◆ **EXERCISE GOAL**
Reproduce the data that follows character for character, but omit its pictures.

◆ **DATASET EXTRACT**
------------------------------------------------------------------------

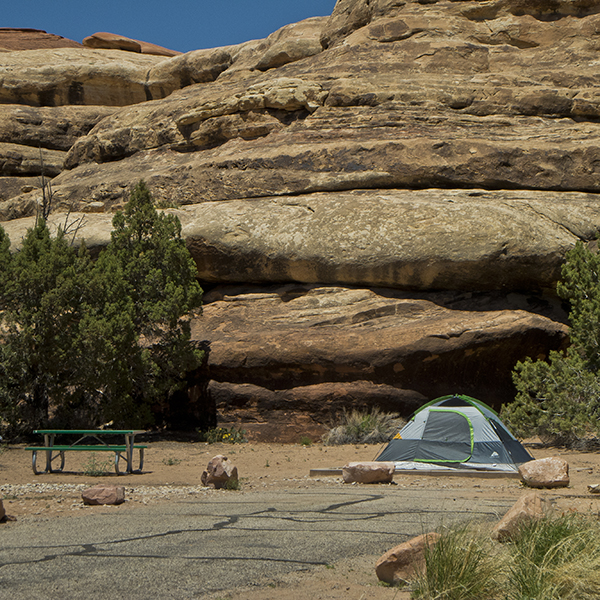 A tent and picnic table next to sandstone ledges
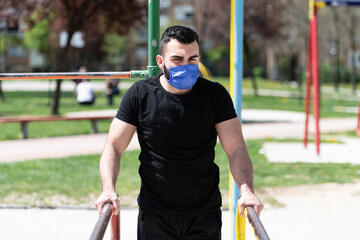 Young Sportsman Working Out In A Park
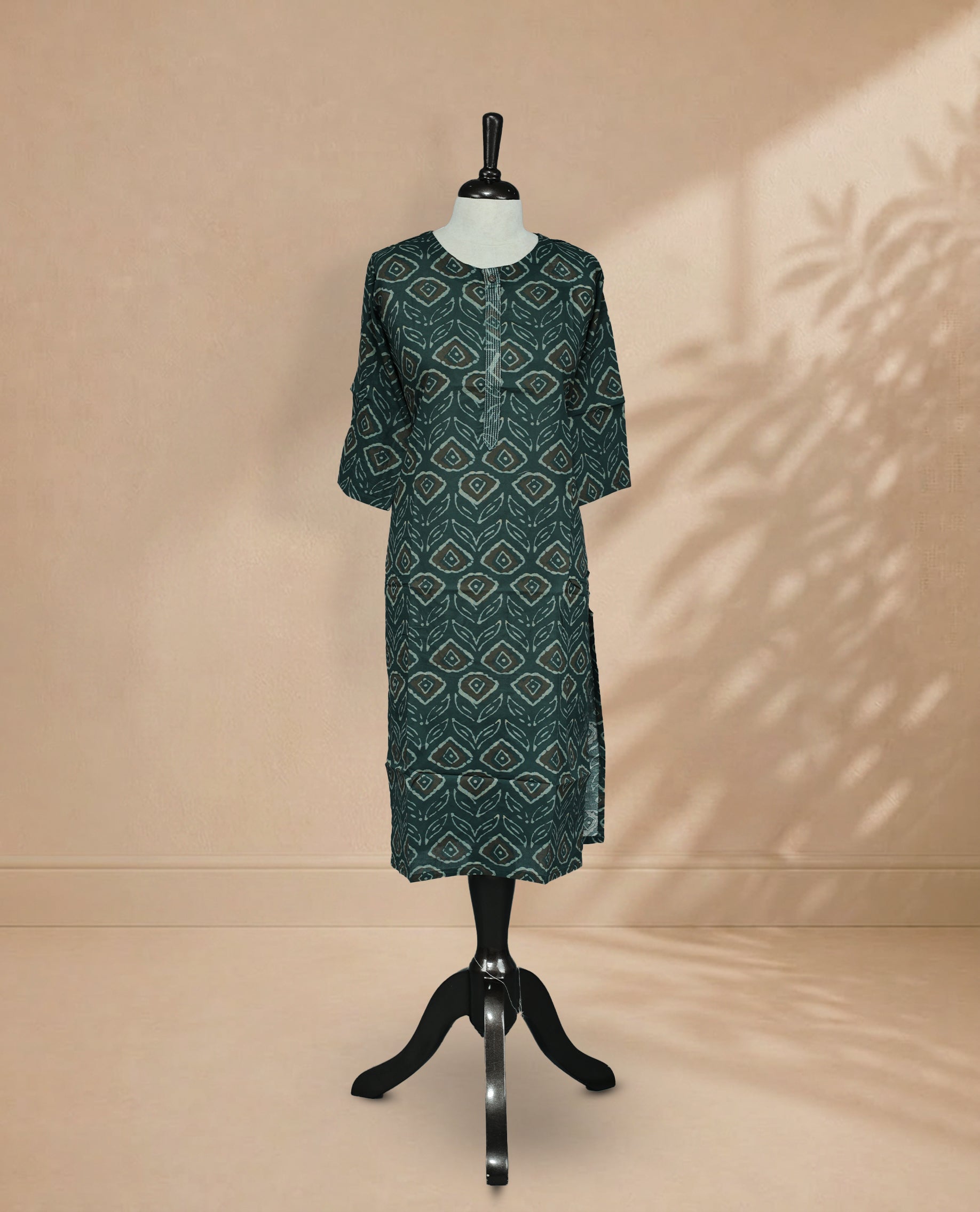 Dark Teal Colour Kurti Faturing  geometric and leaf-inspired block print On Body , Round  Neckline  With Thread Detailing  & 3/4 Sleeve Design.
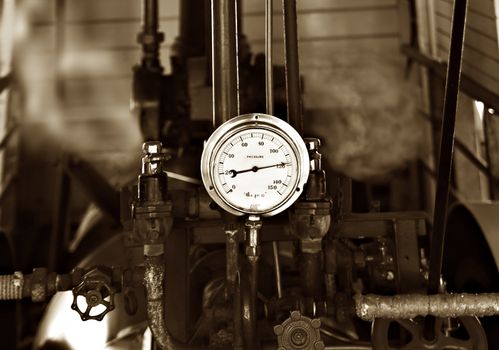 sepia image of machinery under pressure gauge lets out steam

------------------------------------------------------------------------

◆ **ANSWER SPACE**
 A tent and picnic table next to sandstone ledges
 Young Sportsman Working Out In A Park
 Dark Teal Colour Kurti Faturing  geometric and leaf-inspired block print On Body , Round  Neckline  With Thread Detailing  & 3/4 Sleeve Design.
 sepia image of machinery under pressure gauge lets out steam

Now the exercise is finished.